I tried and this is what I get:
$$ \frac{ d }{ dy }\eqref{*} = 2A^{\mathrm{ T }}Ay - b^{\mathrm{ T }}A - b^{\mathrm{ T }}A $$
imposing it to be eqal to zero:
$$ 2A^{\mathrm{ T }}Ay - b^{\mathrm{ T }}A - b^{\mathrm{ T }}A = 0 $$
I get
$$ A^{\mathrm{ T }}Ax = b^{\mathrm{ T }}A$$
which is different from the Theorem. What am I doing wrong?

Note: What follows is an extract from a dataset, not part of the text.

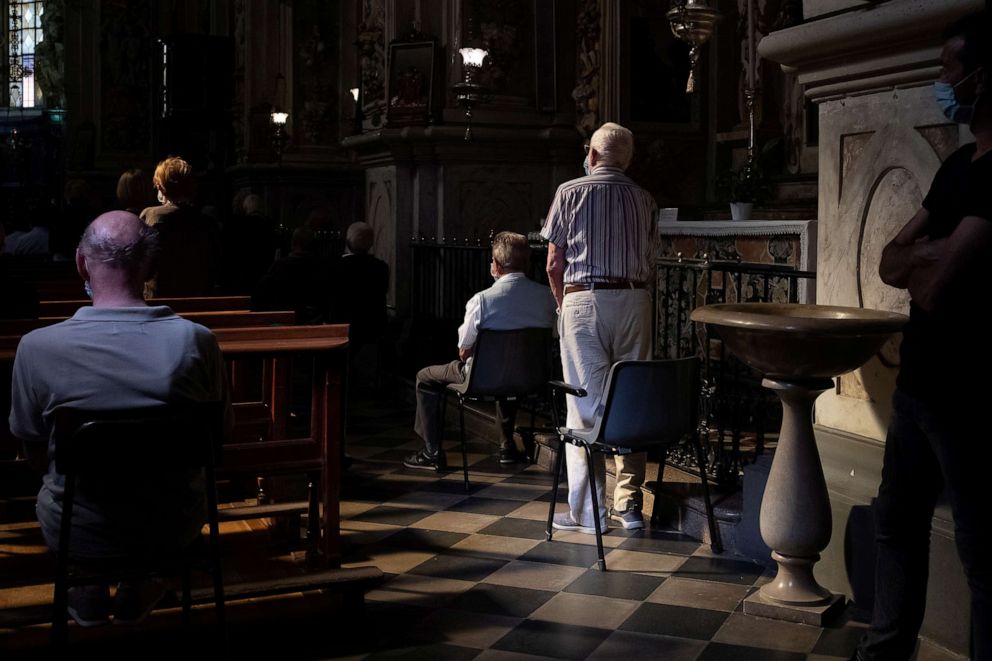PHOTO: Gianni, Gino Verani's friend, stands, after accidentally sitting on the chair that Verani used to always use during church services, during Gino Verani's funeral, during the coronavirus disease outbreak, in San Fiorano, Italy, Sept. 8, 2020.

Rather than expanding the function into 4 separate terms as your first step, you should collect everything into a single term. Differentiate that, and perform a change-of-variables as you proceed. This approach greatly reduces the visual clutter.
Define $x=(Ay-b).\,\,$ The function is then simple to differentiate $$\eqalign{ f &= x:x \cr df &= 2x:dx \,\,\,= 2x:A\,dy \,\,\,= 2A^Tx:dy \cr \frac{\partial f}{\partial y} &= 2A^Tx \cr }$$ where colon represents the inner/Frobenius product, i.e. $A:B={\rm tr}(A^TB)$. For vector arguments, it is simply the dot product.
Set the gradient to zero to obtain $$\eqalign{ A^Tx = 0 \cr A^T(Ay-b) = 0\cr A^TAy = A^Tb \cr }$$